To do: Leave every picture out, and give again exactly the lines from the one containing "Bluza imprimeu fluturi, mărime 38" through the end of the listing.

Exercise data:
........

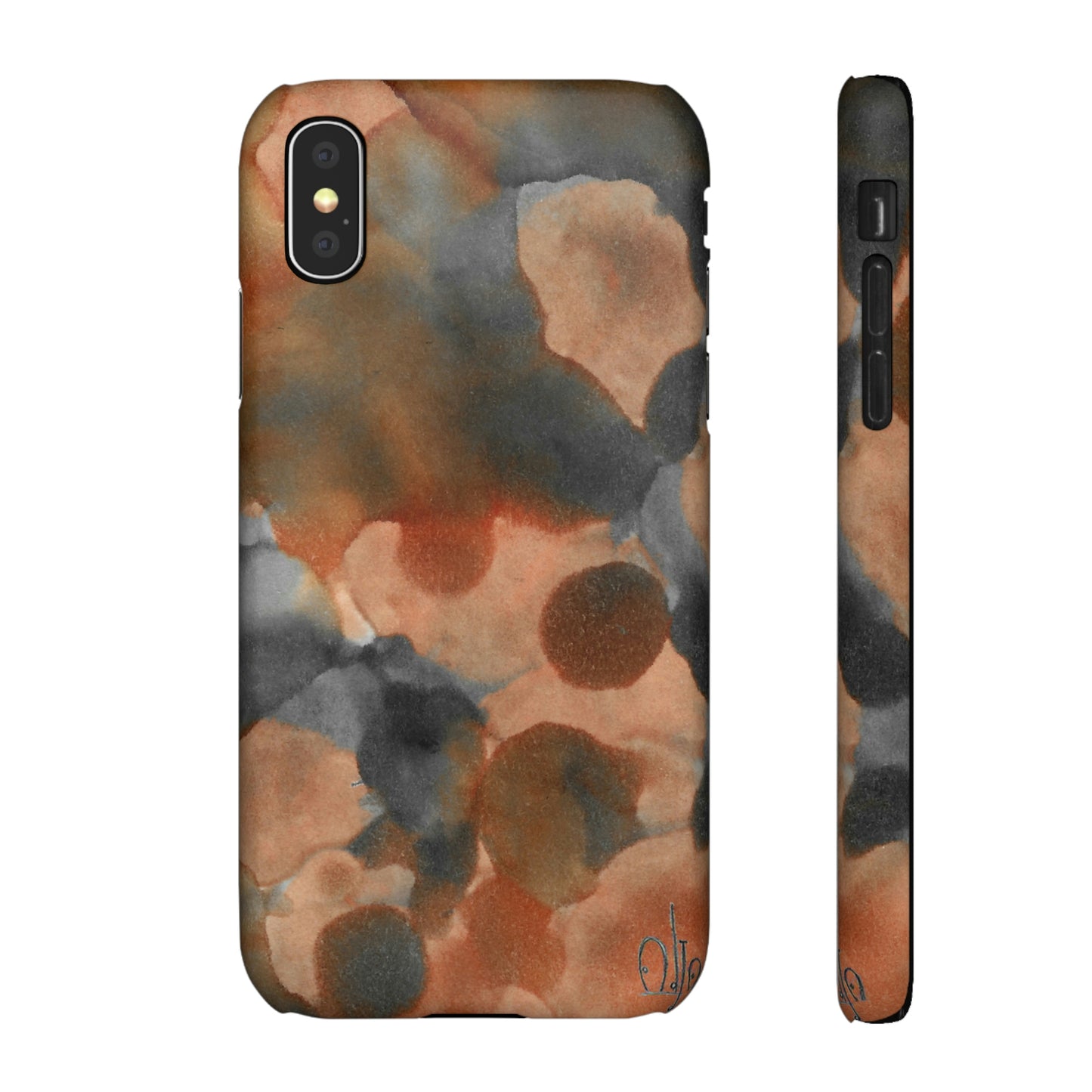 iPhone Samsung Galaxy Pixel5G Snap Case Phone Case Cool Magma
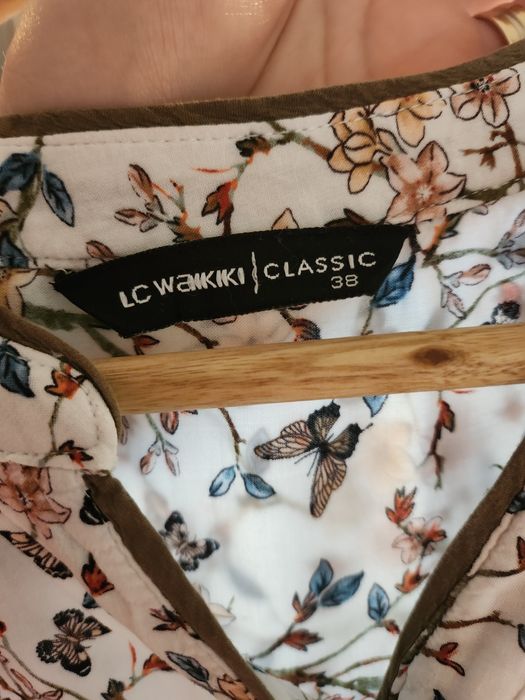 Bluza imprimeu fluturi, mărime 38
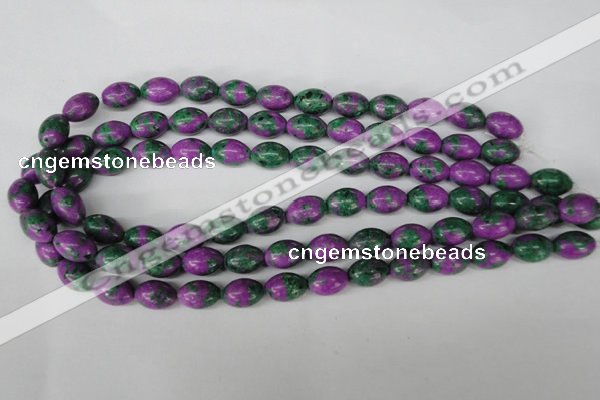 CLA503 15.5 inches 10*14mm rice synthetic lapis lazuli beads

........

Task output:
 Bluza imprimeu fluturi, mărime 38
 CLA503 15.5 inches 10*14mm rice synthetic lapis lazuli beads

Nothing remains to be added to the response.